<rant> The "standard" ways are all very outdated, ugly, unscalable, and ...

gregburek · on May 19, 2011

I'm getting the feeling that with all the unique server setups in use, monitoring and metrics systems are going to be just as unique and specific.

There are some interesting process monitoring projects out there like god, monit and bluepill, as well as ec2/cloud specific stuff from ylastic, rightscale and librato silverline. Have you ever used any of those tools?

Fitting all these together for my setup is trial and error, but it really does force me to think hard about my tools and assumptions even before I get hard data.

josephruscio · on May 19, 2011

I hack on the aforementioned Silverline at http://librato.com, and we provide system-level monitoring at the process/application granularity as-a-Service. (We also have a bunch of features around active workload management controls, but that's out of scope here). It actually works on any server running one of the supported versions of Linux, not just EC2. Benefits of going with a service-based offering are the same as in any other vertical, you don't need to install and manage your own software/hardware for monitoring.

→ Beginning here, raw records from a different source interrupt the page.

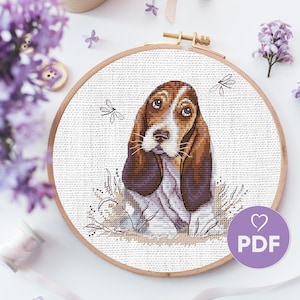 May include: Cross stitch pattern of a brown and white basset hound with long floppy ears, sitting in a field of grass with dragonflies flying around it. The pattern is in a wooden embroidery hoop.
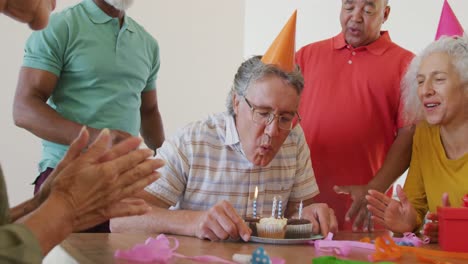 Happy-senior-diverse-people-at-birthday-party-with-cake-at-retirement-home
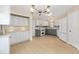 Bright kitchen with white and gray cabinets, stainless appliances and pendant lighting at 1305 Santa Maria Ave, The Villages, FL 32159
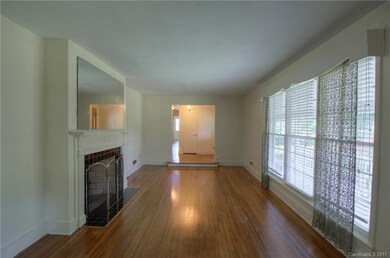 Large formal Living Room with lots of natural ligh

Here's an example of the visualizations we provide into what's going on in your server instances: http://support.silverline.librato.com/kb/monitoring-tags/app...

Joakal · on May 19, 2011

Sounds like Zabbix, Pandora FMS, Osmius, NetXMS, AccelOps and those are the ones that match your requirements.

Within each, if you search for templates or cookbooks or config scripts, you'll find ways of configuring it easily enough.

https://secure.wikimedia.org/wikipedia/en/wiki/Comparison_of...

seiji · on May 19, 2011

Almost.

They all suffer from inflexible data models (how many are using SQL and rrdtool in that matrix?), death at scale (what happens when you go from 10 to 500 to 3000 to 10000 servers? across three data centers? and transient xen servers?), lack of UI design, and community involvement (because of that massive comparison grid).

That's not even considering broken models for alerting (a server dies at 3am -- should it page you? no, because you have 200 of the same servers in the same roll. the load balancer will compensate.), historical logging, trending, and event aggregation/dedup.

It's a big problem, but making flexible tools from the ground up with sensible defaults can go a long way towards helping everyone.

We can fix this. We can make the redis of monitoring.

Joakal · on May 19, 2011

I have to laugh at you pointing out 'redis', redis can not scale at this time. Clusters are planned sometime mid-year but it'll be sometime before it has more features. Maybe you meant the MongoDB?

Alerting is quite flexible from what I read to the point that they are quite customiseable. I agree that a server dying at 3 am is not as important but should still be a valid alert to make an API call to the host to start a new server (Not sure if possible, alerts seem to be shell based).

Here's what your offering needs top in what I'm considering lately: http://www.zabbix.com/features.php

I'd love more competition but even you point out community involvement won't be as much because there's a lot of competition. Including your offering, soon.

Disclaimer: I started researching server monitoring a few weeks ago and considering Zabbix since last week.

Edit: The one issue I find is that there's lack of web transactions like New Relic has: http://newrelic.com/features/performance-analytics

You can see it in action with average response time: http://blog.tstmedia.com/news_article/show/86942

As far as I know, no open network monitoring service offers it.

blutonium · on May 20, 2011

That's the kind of thinking Josh calls out in the article. Redis is great in most of the use cases for replicated Mongo if you're gearing the rest of your architecture to use it properly.